Sunday, September 21, 2014

Honest




I've had this idea creep inside my brain and I can't seem to scare it away so here I am typing it out.

The idea is- what if we were all completely one hundred percent honest with each other from the day we could talk? 

Johnny from second grade would know that you had a fat crush on him. Stacey would know that you absolutely hated her guts for stealing Johnny's heart. 

Here I am with all these feelings and thoughts I've had about people and I wonder what would've happened if they would've known. What if a tragic accident struck and I no longer had the ability to tell them all the great things I loved about them? I can't do that. Why should I? So here I am Sunday Evening being 100% honest with you. 


I wish I would've told Brayden that I thought he was the coolest kid on the block. I wish he could've known that.

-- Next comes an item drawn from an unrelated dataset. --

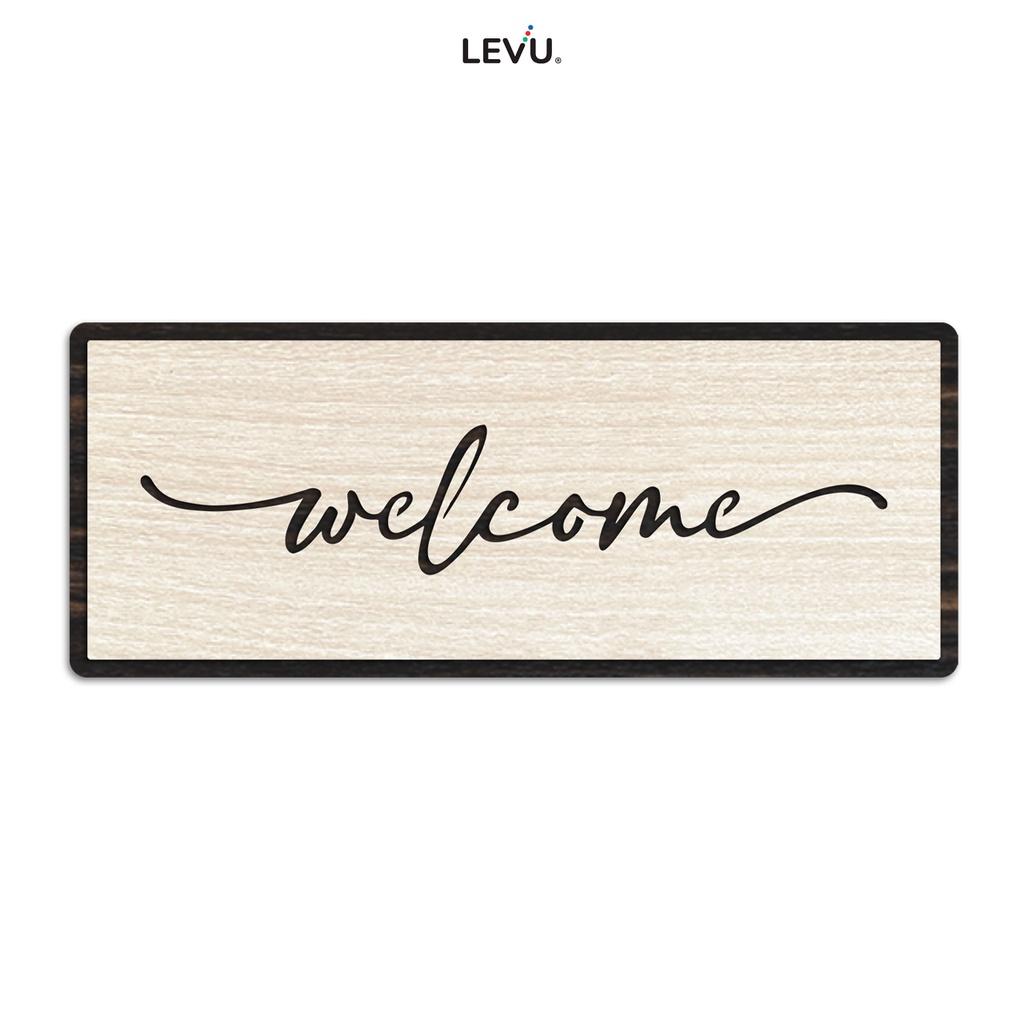 Bảng welcome dán cửa LEVU BG18S bằng gỗ cho nhà hàng, quán coffee trà sữa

I wish my mom would know that I love her so much, but I need some time on my own sometimes. I never meant to hurt you.

I wish Hannah knew how beautiful she is and is becoming. 

I wish Jaylee knew how compassionate and understanding she is. Her light shines out of her face like the sun. Has since I met her in the sixth grade.

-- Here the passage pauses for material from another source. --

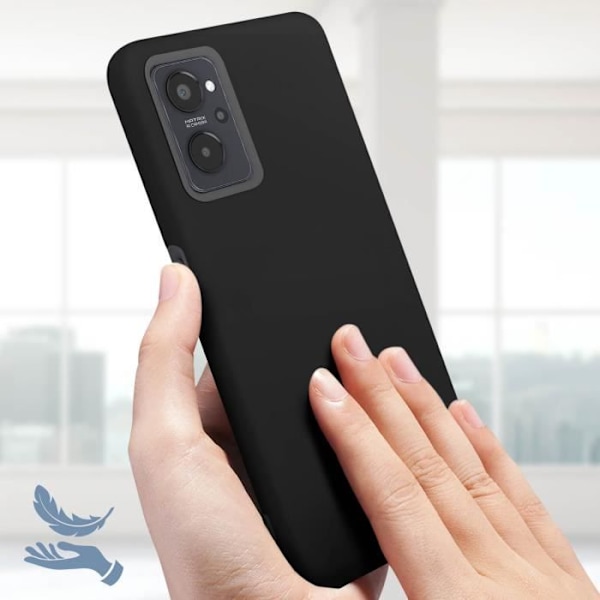 Skyddande skal - AVIZAR - Realme 9i, Oppo A76, A96 - Semi-rigid silikon - Mjuk finish - Svart Svart
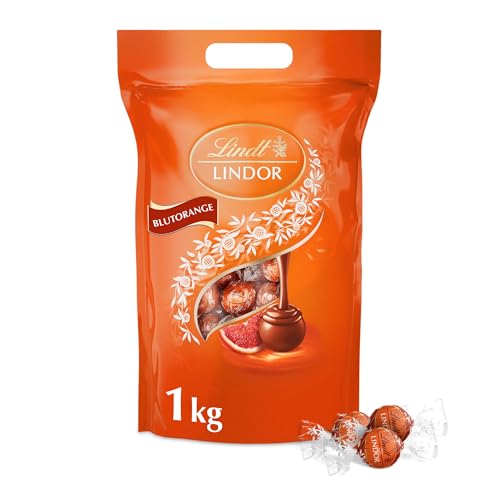 Lindt LINDOR Schokoladen Kugeln Blutorange | 1 kg Beutel, wiederverschließbar | ca. 80 Schokolade mit zartschmelzender Füllung | Großpackung, Pralinen-Geschenk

I wish Connor knew how rare our friendship is. I've been searching for something like it, but I haven't even gotten close. Can't wait to see you.

I wish Mikey knew how sweet he is for a twelve year old boy.

I wish Ella could know how funny and spunky she is. And how everytime I loook at her I see a mini me.

I wish Caroline could know how much I love our cousiness. You bring out the crazy in me. Thank you for that.

I wish Austi could know how much I look up to her as an older sisterly figure. I can't wait to read your book. I know you're going places. Keep on dreaming because you can do it:)

I wish Sydnee knew that life will get better. I wish she knew how much I wish her well. I'm so happy for the chance I met you in Idaho. You make me wish I took drama in high school. 

I wish my dad knew  how much I appreciated the time he would spend out in the backyard with us kids.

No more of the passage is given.